Given a continous real function, it is almost globally Lipschitz: Let $f:K\subset\mathbb{R}^N\longrightarrow\mathbb{R}$ continous over $K$ compact. Show that:
$$\forall\varepsilon>0\quad \exists L>0\hspace{0.5mm}\mid \hspace{0.5mm}\forall x,y\in K\quad\|f(x)-f(y)\|\leq L\|x-y\|+\varepsilon$$
The exercise simply states that continous functions over a compact set are "almost" Lipschitz continous. I'm supposed to explain the exercise to someone who doesn't even know about uniform continuity, how can I solve it without explicitly referring to it?

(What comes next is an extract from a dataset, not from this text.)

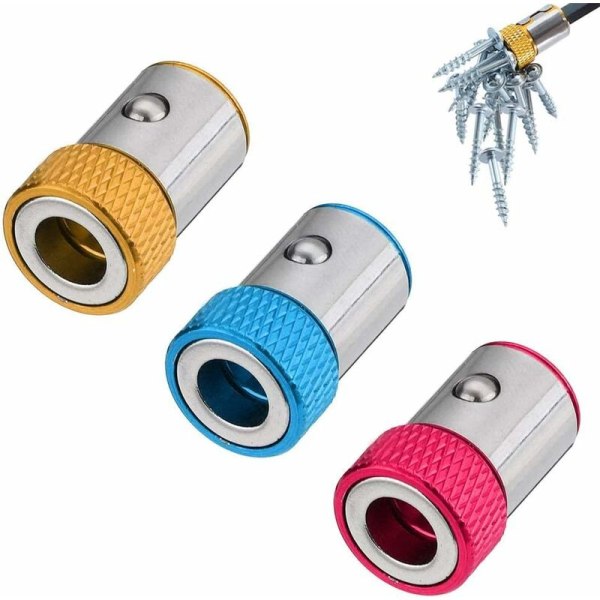 3 Pack 6.35mm Screwdriver Bits Magnetic Ring Strong Magnetic Aluminum Alloy Magnetizer Magnetic Ring for 6.35mm Double Head Screwdriver Bits(Red, Bl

So far the best idea seems to be: $f(K)$ is compact in $\mathbb{R}$, thus it is of the form $[f(\bar{x})-r, f(\bar{x})+r]$ for certain $x\in K$ and $r>0$. We must use (simple) continuity of $f$, so by picking a smart $\varepsilon$ we should be able to prove the above statement, but I don't get how to choose such $\varepsilon$.
 A: A direct proof, more in line with @Thomas's comment: Fix any $x,y\in K$ and consider two cases.
Case 1. $|x-y|<\delta$, where $\delta=\delta(\varepsilon)$ is the one given by the uniform continuity of $f$ in $K$.
Here we see that $|f(x)-f(y)|\leq \varepsilon\leq L|x-y|+\varepsilon$ for any $L>0$ (in other words, the $\varepsilon$ "error" is making it so that you gain no information locally).
Case 2. $|x-y|\geq \delta$.
Here we have that $|f(z)|\leq M$ for every $z\in K$ and some $M>0$ and so $|f(x)-f(y)|\leq 2M =(2M/\delta)\delta\leq L|x-y|$, with $L=2M/\delta$ (so in this case the $\varepsilon$ is irrelevant, rather you're exploiting only that $x,y$ are far apart and $f$ is bounded on $K$).
A: Could as well prove by contradiction. Suppose not. Then for some $\epsilon>0$ there exist sequences $(x_k)_{k\geq 1}$ and $(y_k)_{k\geq 1}$ in $K$ such that
\begin{align}
|f(x_k)-f(y_k)|\geq k\|x_k-y_k\|+\epsilon.
\end{align}
By compactness of $K$, we may choose a convergent subsequence of $(x_k,y_k)$. Without loss of generality, assume $(x_k)$ and $(y_k)$ have already been improved to converge to $x$ and $y$ respectively. Then
\begin{align}
|f(x)-f(y)|\geq k\|x-y\|+\epsilon
\end{align}
for all $k$, which is impossible. Note that without $\epsilon$, it is possible that $\|x-y\|=0$. Indeed, a small $\epsilon$ is significant (comparing to $L\|x-y\|$) only when $x$ and $y$ are close to each other.